Shaanxi Key Laboratory of Qinling Ecological Intelligent Monitoring and Protection, School of Ecology and Environment, Northwestern Polytechnical University, Xi'an 710129, China;
Research and Development Institute of Northwestern Polytechnical University in Shenzhen, Shenzhen 518063, China.
Genome Res. 2024 Nov 20;34(11):2118-2132. doi: 10.1101/gr.279166.124.
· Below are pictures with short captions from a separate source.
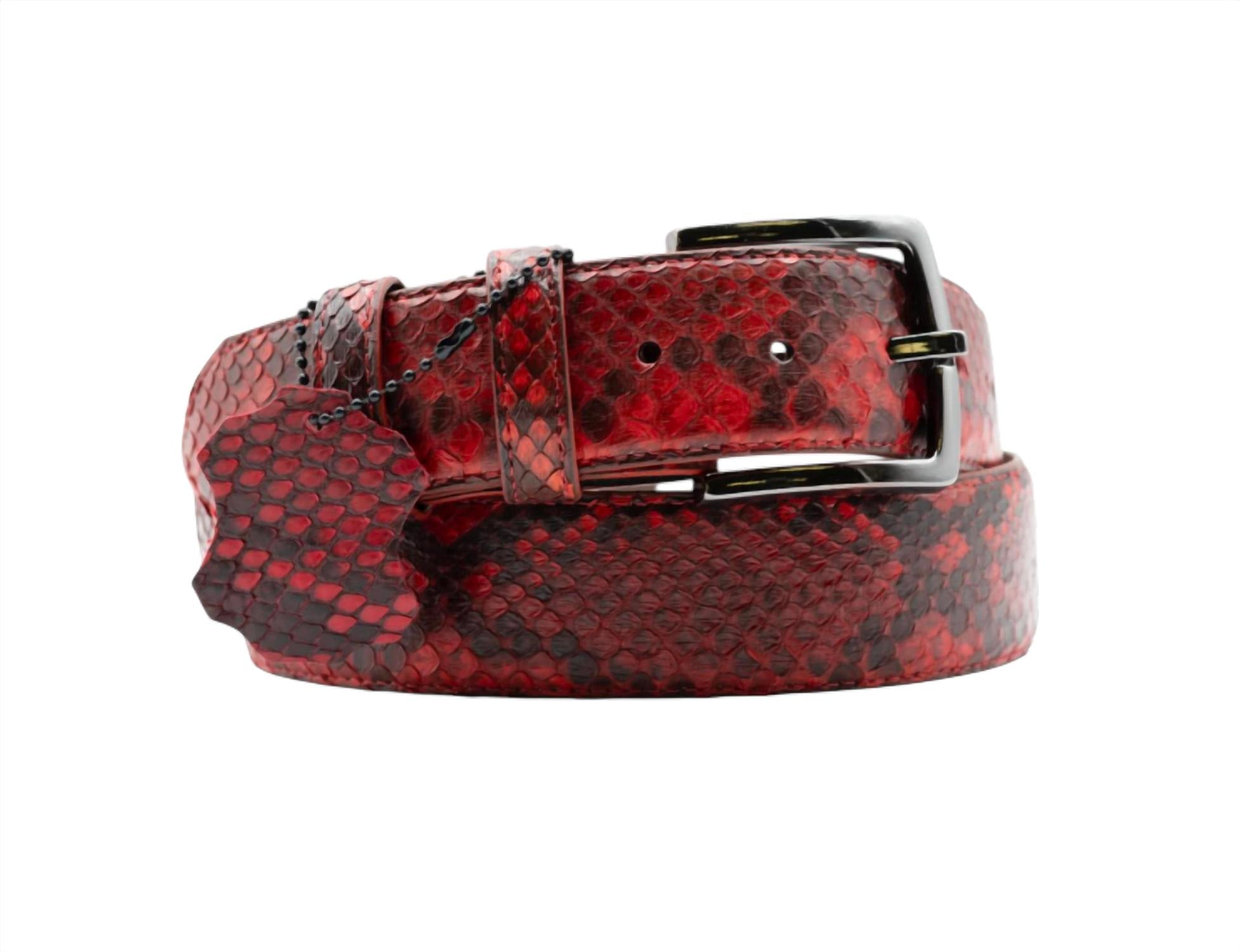 Lusso Beni - Men's Medusa Belt
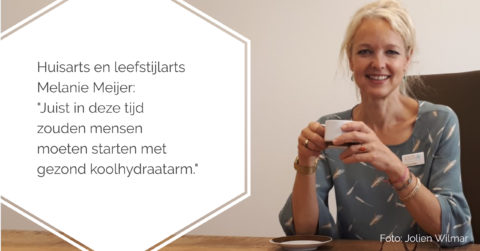 Arts: juist nu koolhydraatarm eten!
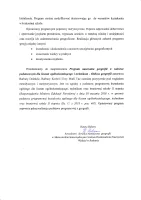 Opinia o programie nauczania geografii w zakresie podstawowym – Oblicza geografii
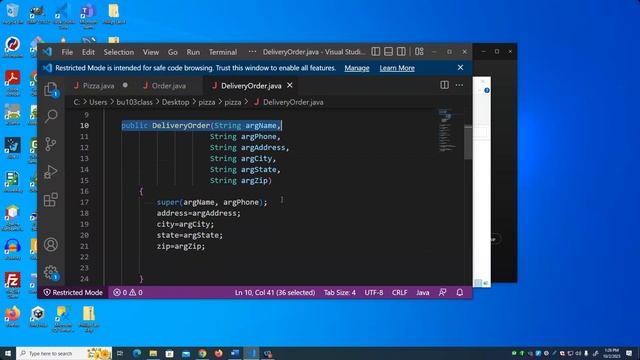 CISS226 - Java _ Fall 2023 - Week 6 Lecture смотреть онлайн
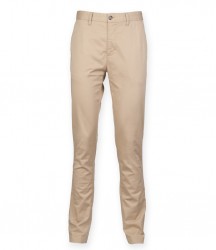 Image 6 of Front Row Stretch Chino Trousers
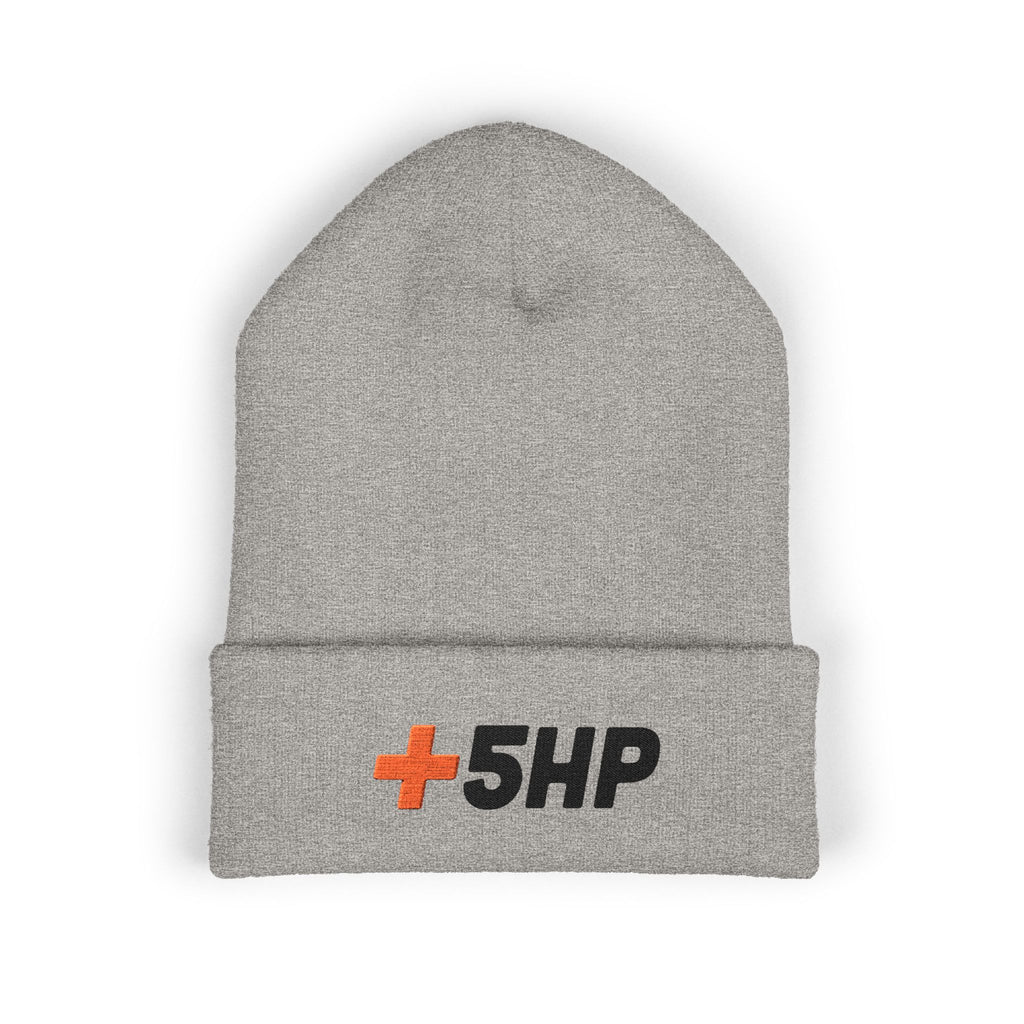 Plus 5HP - Cuffed Beanie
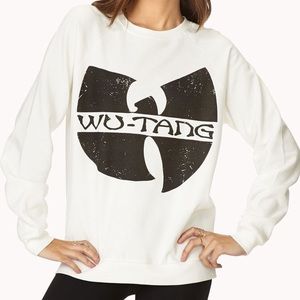 ⚡️NWOT⚡️Forever 21 Wu-Tang Sweatshirt
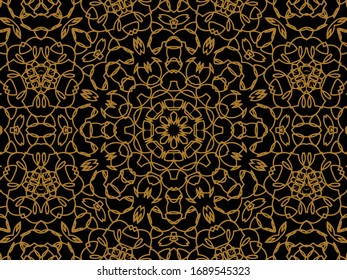 Pattern, Gold, design, abstract, vector and graphic for commercial use. We make attractive Pattern designs to meet customer needs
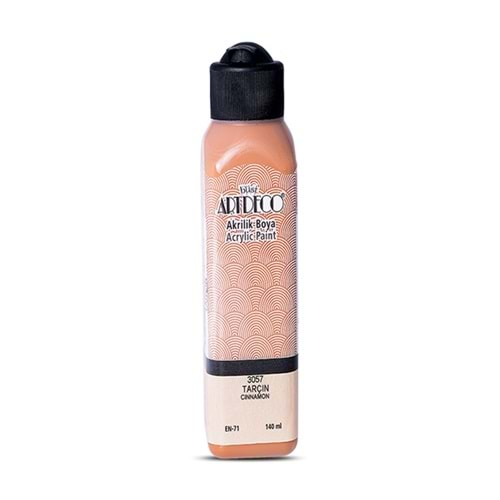 Artdeco Akrilik Boya 140Ml 3057 Tarçın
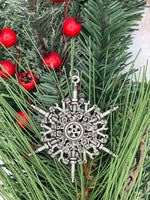 Mechanic’s SnowWonders® Snowflake Ornament (SW6086) - Shop Palmers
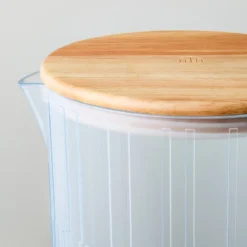 3L Acrylic Beverage Pitcher And Cup Set Blue - Hearth & Hand™ With Magnolia -Cozy Living Hub GUEST 7b5684d6 e5dd 40ae 9d15 1367215fbed1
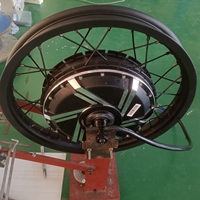 Prix surprise Roue de moteur Qs 19/20 pouces avec rayons pour vélo électrique DIY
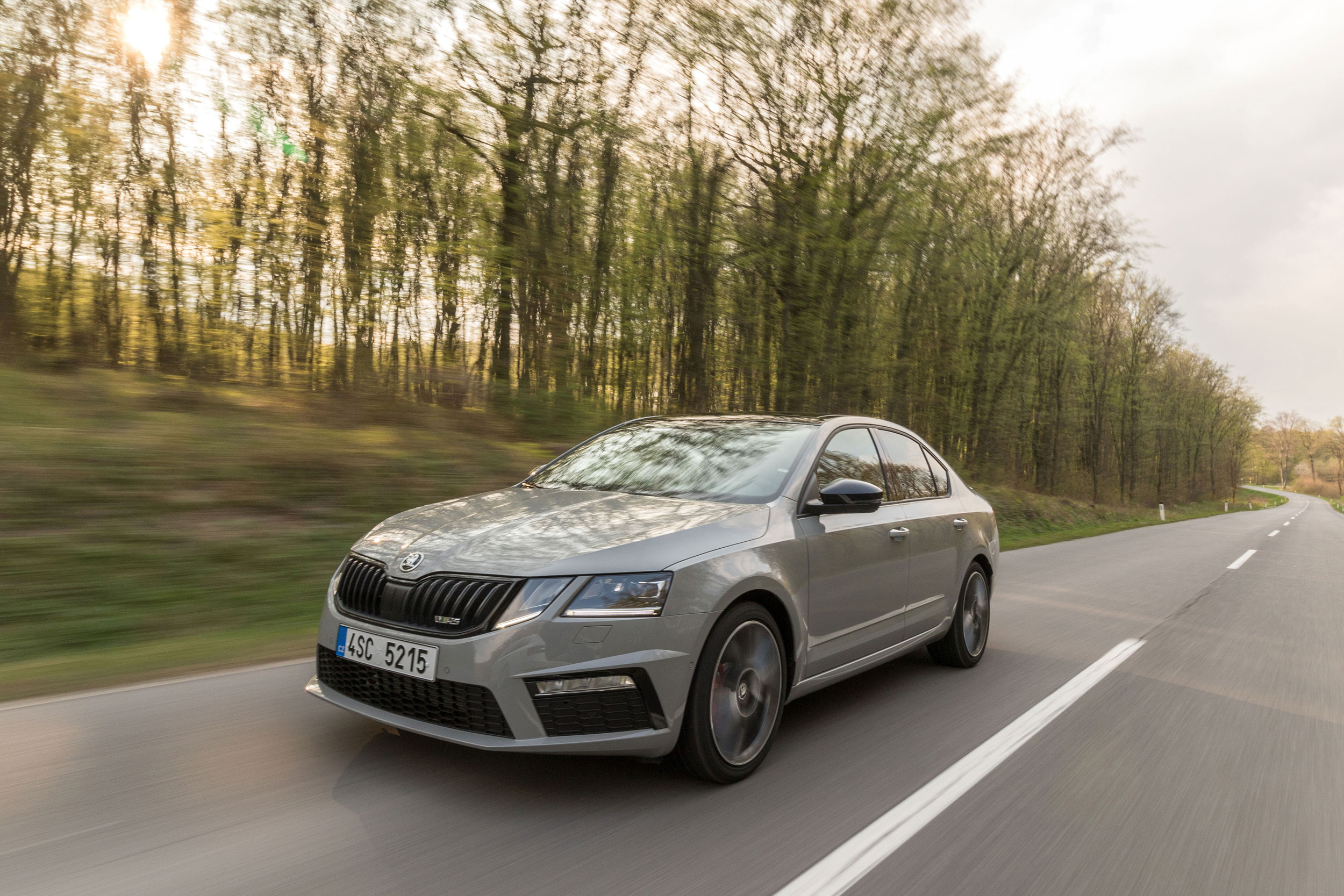 Skoda Octavia vRS Saloon - Front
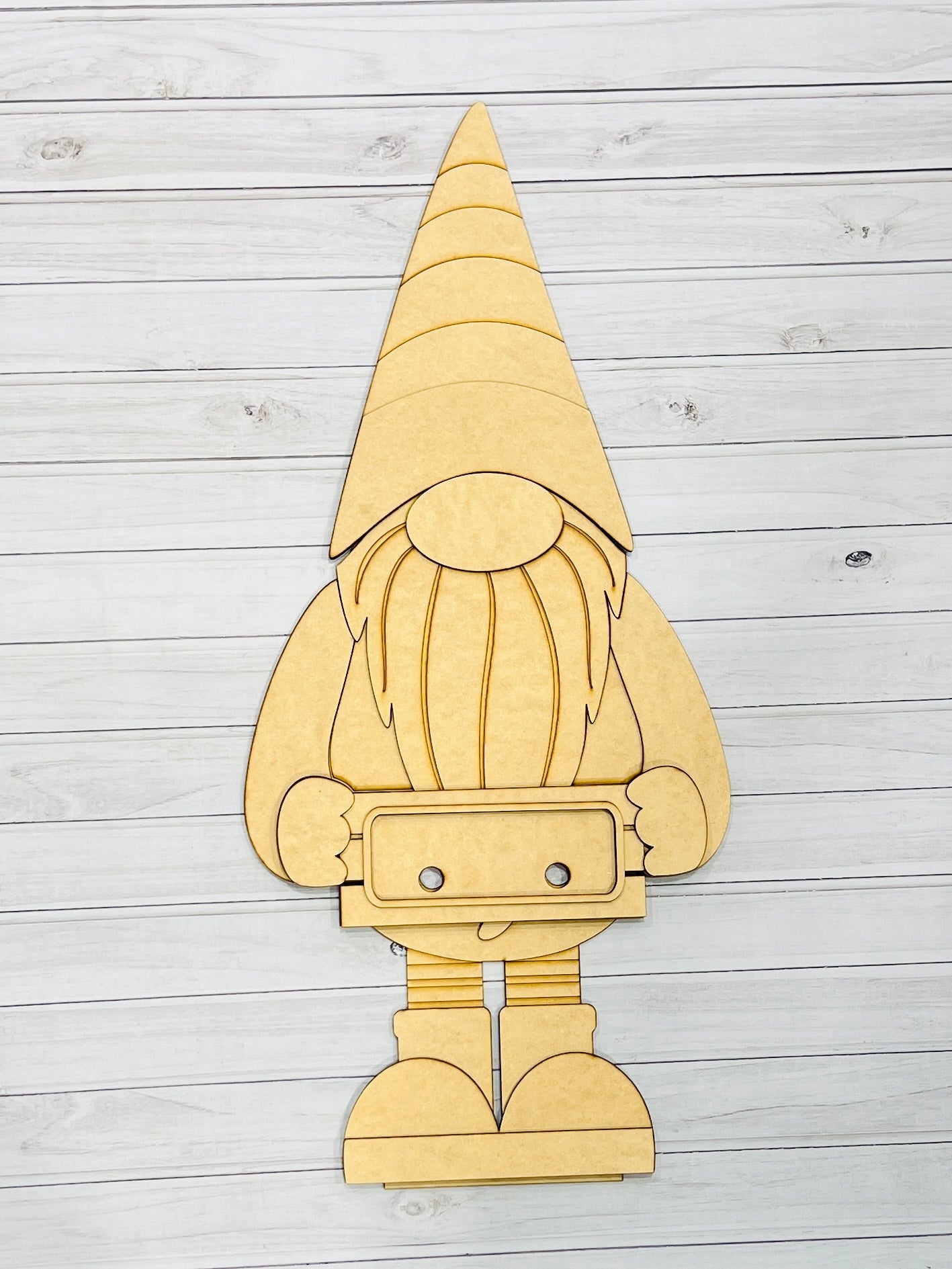 33” Porch Gnome (fits 12" attachments)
The ability to generate multiple RNA transcript isoforms from the same gene is a general phenomenon in eukaryotes. However, the complexity and diversity of alternative isoforms in natural populations remain largely unexplored. Using a newly developed full-length transcript enrichment protocol with 5' CAP selection, we sequenced full-length RNA transcripts of 48 individuals from outbred populations and subspecies of , and from the closely related sister species and as outgroups. The data set represents the most extensive full-length high-quality isoform catalog at the population level to date. In total, we reliably identify 117,728 distinct isoforms, of which only 51% were previously annotated. We show that the population-specific distribution pattern of isoforms is phylogenetically informative and reflects the segregating single nucleotide polymorphism (SNP) diversity between the populations. We find that ancient housekeeping genes are a major source of the overall isoform diversity, and that the generation of alternative first exons plays a major role in generating new isoforms. Given that our data allow us to distinguish between population-specific isoforms and isoforms that are conserved across multiple populations, it is possible to refine the annotation of the reference mouse genome to a set of about 40,000 isoforms that should be most relevant for comparative functional analysis across species.
从同一个基因产生多种 RNA 转录本异构体是真核生物的普遍现象。然而,天然种群中替代异构体的复杂性和多样性在很大程度上仍未得到探索。我们使用新开发的全长转录本富集方案和 5' CAP 选择,对来自杂交种群和亚种的 48 个个体以及作为外群的密切相关的姐妹种 和 进行了全长 RNA 转录本测序。该数据集代表了迄今为止在群体水平上最广泛的全长高质量异构体目录。总共,我们可靠地鉴定了 117728 个独特的异构体,其中只有 51%是以前注释的。我们表明,异构体的种群特异性分布模式具有系统发育信息,并反映了种群之间分离的单核苷酸多态性(SNP)多样性。我们发现,古老的管家基因是整体异构体多样性的主要来源,而替代的第一个外显子的产生在产生新异构体方面起着主要作用。鉴于我们的数据允许我们区分特定于种群的异构体和在多个种群中保守的异构体,因此可以将参考小鼠基因组的注释细化为大约 40000 个异构体,这对于跨物种的比较功能分析应该是最相关的。